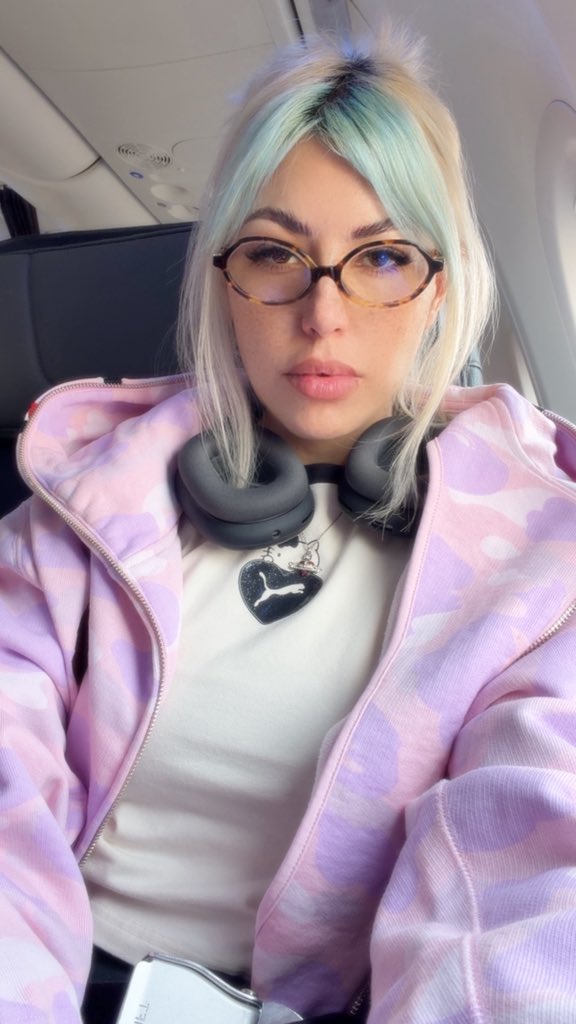 JessicaAudifred's tweet photo. PHILLY 3 hour extended set tonight 🧨 not a lot of tickets left !! https://t.co/wsBSCi6Sa6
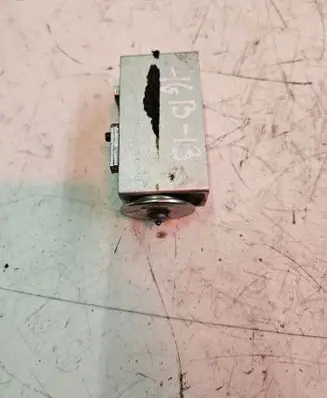Air conditioning (A/C) expansion valve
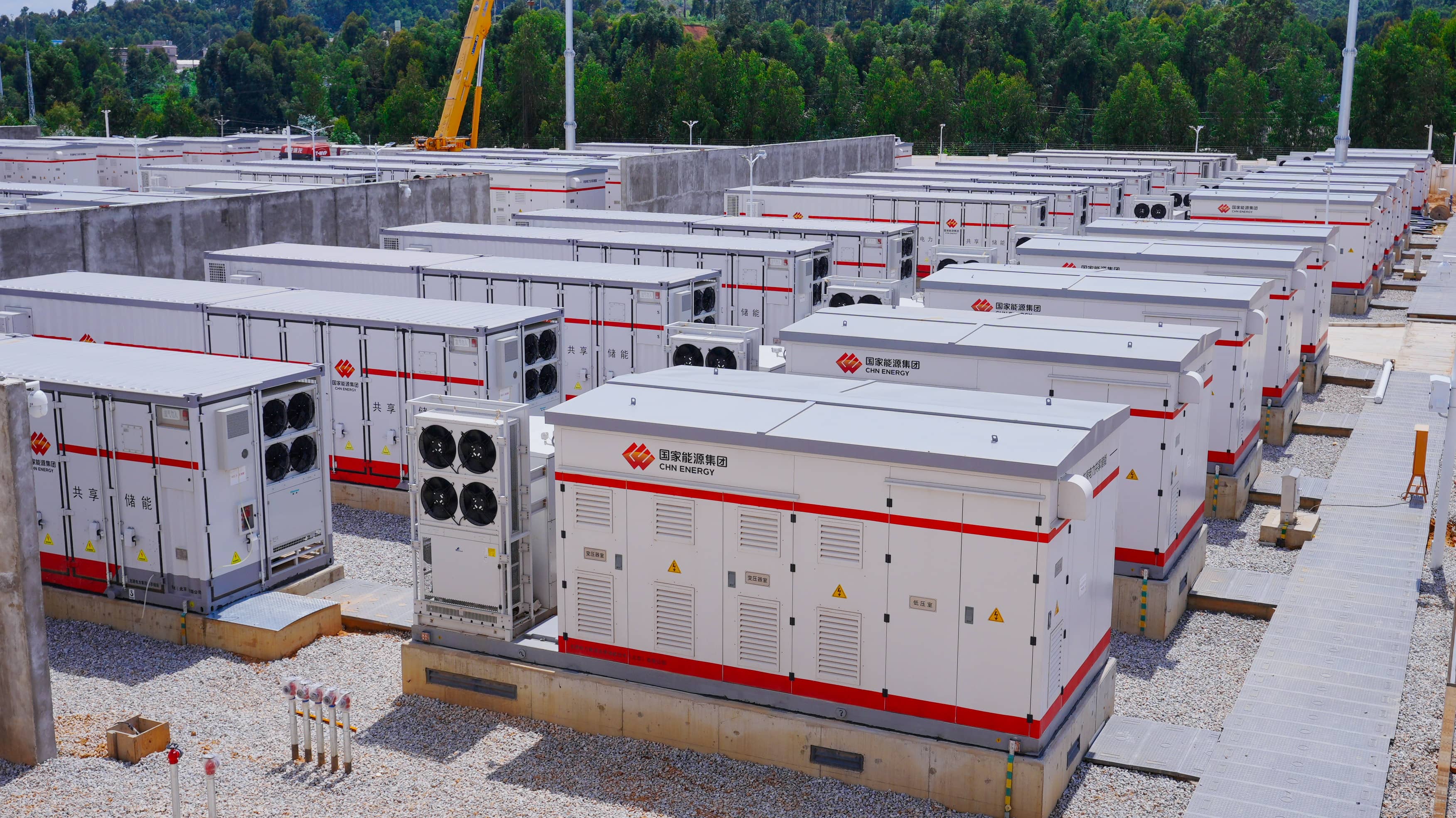 鹏辉能源助力大理祥云县工业园400MWh共享储能电站并网,加速新型电力系统构建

What this task involves: Reproduce every line above word for word; no images.

Result:
 JessicaAudifred's tweet photo. PHILLY 3 hour extended set tonight 🧨 not a lot of tickets left !! https://t.co/wsBSCi6Sa6
Air conditioning (A/C) expansion valve
 鹏辉能源助力大理祥云县工业园400MWh共享储能电站并网,加速新型电力系统构建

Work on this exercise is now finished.